EL SOLDADO TOMÓ LA PLUMA Y, SOBRE LAS CUATRO UÑAS SUCESIVAS DE LA MANO DERECHA DEL INCA, TRAZÓ LAS CUATRO LETRAS DE LA PALABRA "DIOS".

Todo ese día Atahualpa miró sus uñas, sin duda preguntándose si el nombre del dios escrito en ellas sería un poder bueno o maligno, y si el guardia habría escrito el nombre verdadero. Para estar seguro de su significado, mostró más tarde los signos a otro soldado, y tuvo un sobresalto de maravilla cuando éste, al verlos, pronunció en voz alta la palabra "Dios". Entonces el rey siguió repitiendo el experimento en los días posteriores, con los distintos centinelas que se apostaban a las puertas de su prisión.

Eran los últimos días de su cautiverio. A lo lejos se veían las hileras de incas procedentes de los distintos lugares del reino, trayendo en fardos sobre sus hombros, o sobre el lomo de las llamas, los objetos de oro que debían llenar una habitación de Cajamarca para que los españoles pusieran en libertad a su rey. Atahualpa no imaginaba que después de pagar el inmenso rescate sus captores considerarían peligroso dejarlo libre, y le seguirían un juicio implacable por idolatría para deshacerse de él.

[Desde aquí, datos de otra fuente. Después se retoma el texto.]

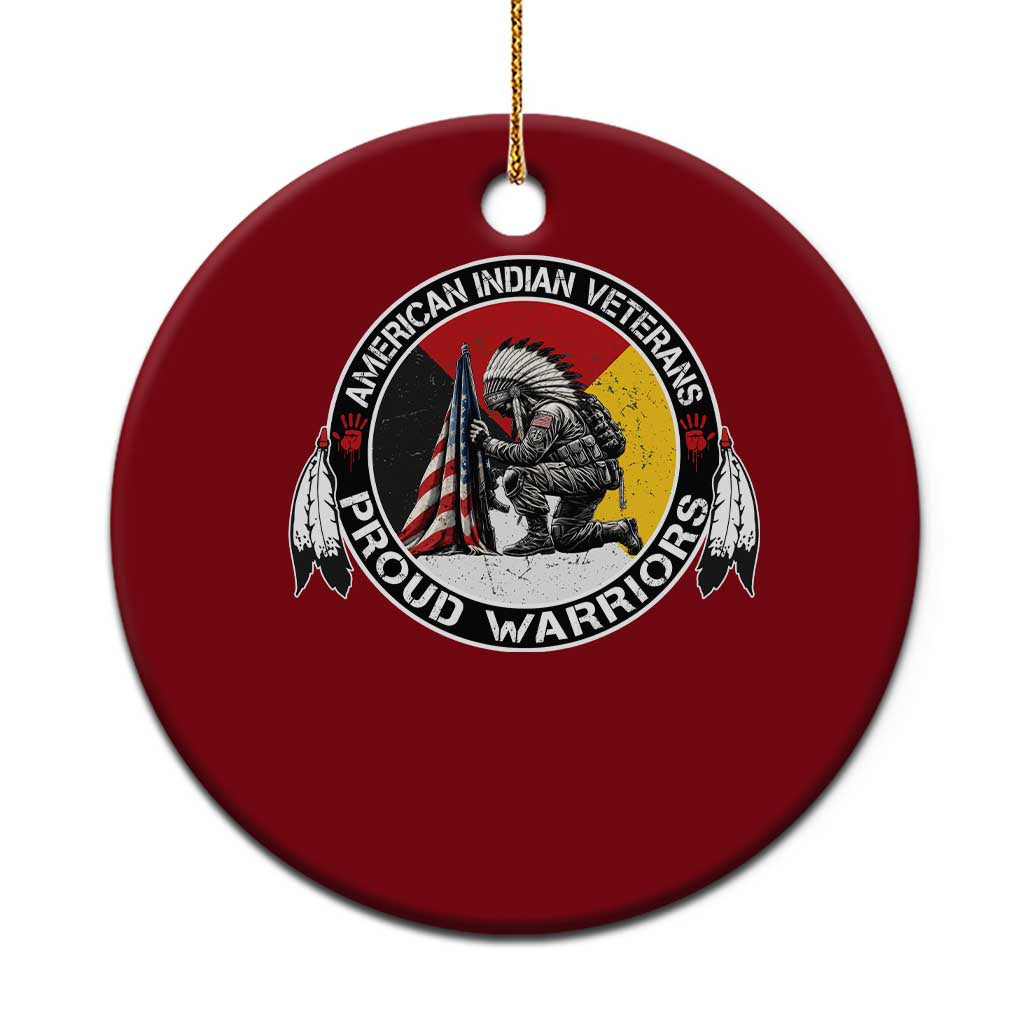 American Indian Veterans Proud Warriors Ceramic Ornament Native American Military Medicine Wheel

Cada vez más ansioso por entender los secretos de esa magia española, Atahualpa le mostró el nombre a Hernando de Soto la siguiente vez que vino a visitarlo para practicar el juego del ajedrez. Soto pronunció enseguida la palabra "Dios", para maravilla del inca, pero como ignoraba sus meditaciones y sus asombros, rió con franqueza, creyendo que el prisionero había hecho escribir el nombre en sus uñas como un conjuro ingenuo para ganarle la partida, y le dijo que en vez de solicitar la ayuda divina debía esforzarse por dominar las leyes del juego.

Atahualpa estaba satisfecho. La reacción de Soto le confirmó que en sus uñas estaba fija la palabra mágica, y hasta empezó a preguntarse si esa posesión no le conferiría algún poder. Siguió mostrando sus dedos a los soldados, y éstos invariablemente repetían "Dios" al mirarlo, aunque después le preguntaban por qué tenía escrita esa palabra. Finalmente se animó a hacer el experimento con el propio Francisco Pizarro, el capitán de las tropas españolas. Pizarro no reaccionó como los otros. Miró los signos en la mano de Atahualpa pero no quiso prestarles atención, como si el nombre de su dios no significara nada para él. Atahualpa lo intentó varias veces en el curso de la conversación, pero Pizarro no se daba por enterado. Y ante su actitud distraída o evasiva, que por un momento incluso pareció agresiva, Atahualpa llegó a la conclusión de que Pizarro sabía menos que sus propios subordinados, de que no era dueño de la principal magia que manejaban los otros.

Fue así como, sin saber lo que era la escritura, pero lleno de curiosidad y de sagacidad, el inca Atahualpa fue capaz de descubrir que su verdugo, Francisco Pizarro, capitán de las tropas de Conquista del imperio español, no sabía leer ni escribir.

FUE ASÍ COMO, SIN SABER LO QUE ERA LA ESCRITURA, EL INCA ATAHUALPA FUE CAPAZ DE DESCUBRIR QUE SU VERDUGO, FRANCISCO PIZARRO, NO SABÍA LEER NI ESCRIBIR.